Walt Whitman’s message to the readers of the future is a powerful reminder that the people of today and the people of yesterday are eternally connected in ways more than just time. Whitman tries to convince the reader that what he sees, feels, and thinks as he takes the Brooklyn ferry to Manhattan is much the same as what others experience and what the people of the future will. He talks of the masses of people with him, the movement of the sea, the clouds, the hills of Brooklyn, the streets of Manhattan, flags of different nations, freight ships, sea-gulls, etc. These indeed should all be familiar sights to New Yorkers. People today like generations ago approach Manhattan en masse and feel feelings of romanticism.

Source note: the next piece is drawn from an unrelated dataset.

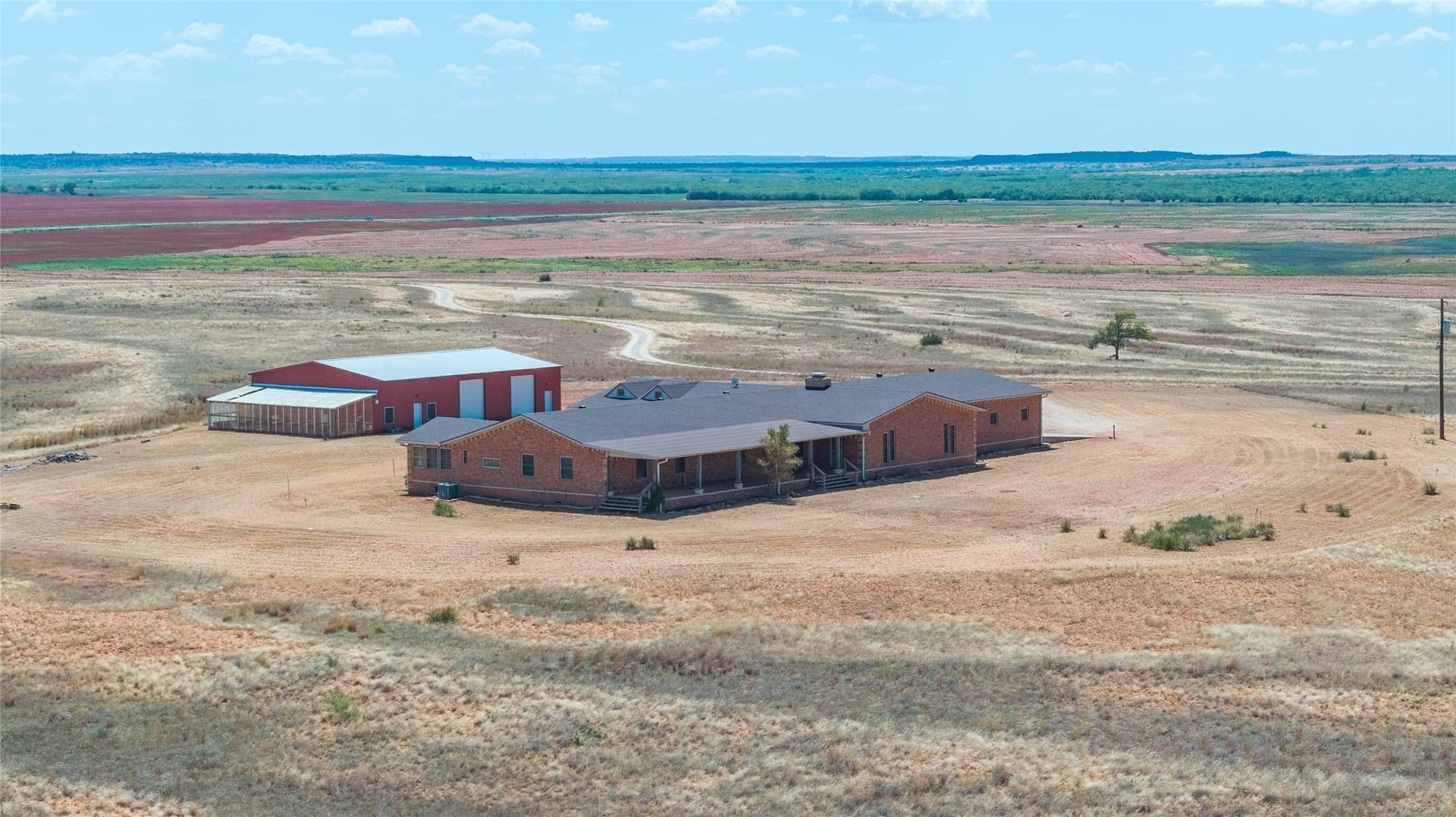 121 acres in Fisher County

They see many of the sights, think many of the thoughts, and feel many of the feelings Whitman has at one point.

I found this poem to have very important messages. Personally, I can say myself I have had romantic ideas and feelings for the city, especially when I first approached it from the Manhattan bridge by train. It’s also hard to forget the day I walked to the city at night through the Brooklyn Bridge. Even at night there are many people.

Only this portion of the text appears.